PROBLEM DETAILS:
Your answer should be each line of the entries that contains the word "Image", copied in full.

Stored entries

#####

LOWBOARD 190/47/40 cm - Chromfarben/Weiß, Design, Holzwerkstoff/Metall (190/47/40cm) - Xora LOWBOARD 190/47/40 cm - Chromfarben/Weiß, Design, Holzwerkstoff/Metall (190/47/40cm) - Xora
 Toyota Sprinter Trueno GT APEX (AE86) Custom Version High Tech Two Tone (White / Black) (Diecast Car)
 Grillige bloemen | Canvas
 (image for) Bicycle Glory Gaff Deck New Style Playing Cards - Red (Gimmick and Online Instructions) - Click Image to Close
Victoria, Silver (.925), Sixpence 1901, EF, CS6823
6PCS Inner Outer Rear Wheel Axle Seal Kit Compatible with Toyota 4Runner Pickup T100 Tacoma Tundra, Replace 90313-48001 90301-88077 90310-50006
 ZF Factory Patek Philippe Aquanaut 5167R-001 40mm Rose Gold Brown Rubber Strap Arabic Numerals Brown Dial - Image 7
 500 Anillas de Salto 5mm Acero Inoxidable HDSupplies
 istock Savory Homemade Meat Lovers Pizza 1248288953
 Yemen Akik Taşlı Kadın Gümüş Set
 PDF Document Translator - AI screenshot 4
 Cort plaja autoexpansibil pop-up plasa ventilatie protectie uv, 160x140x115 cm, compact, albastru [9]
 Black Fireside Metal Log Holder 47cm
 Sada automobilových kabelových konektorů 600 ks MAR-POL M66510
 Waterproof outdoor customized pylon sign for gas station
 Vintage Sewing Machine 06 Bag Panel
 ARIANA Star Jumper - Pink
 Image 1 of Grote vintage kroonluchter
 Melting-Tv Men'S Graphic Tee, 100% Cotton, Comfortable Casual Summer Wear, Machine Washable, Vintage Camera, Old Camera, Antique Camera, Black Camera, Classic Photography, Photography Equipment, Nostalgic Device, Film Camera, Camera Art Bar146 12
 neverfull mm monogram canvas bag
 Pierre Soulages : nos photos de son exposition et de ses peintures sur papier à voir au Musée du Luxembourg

#####

EXERCISE OUTPUT:
 (image for) Bicycle Glory Gaff Deck New Style Playing Cards - Red (Gimmick and Online Instructions) - Click Image to Close
 ZF Factory Patek Philippe Aquanaut 5167R-001 40mm Rose Gold Brown Rubber Strap Arabic Numerals Brown Dial - Image 7
 Image 1 of Grote vintage kroonluchter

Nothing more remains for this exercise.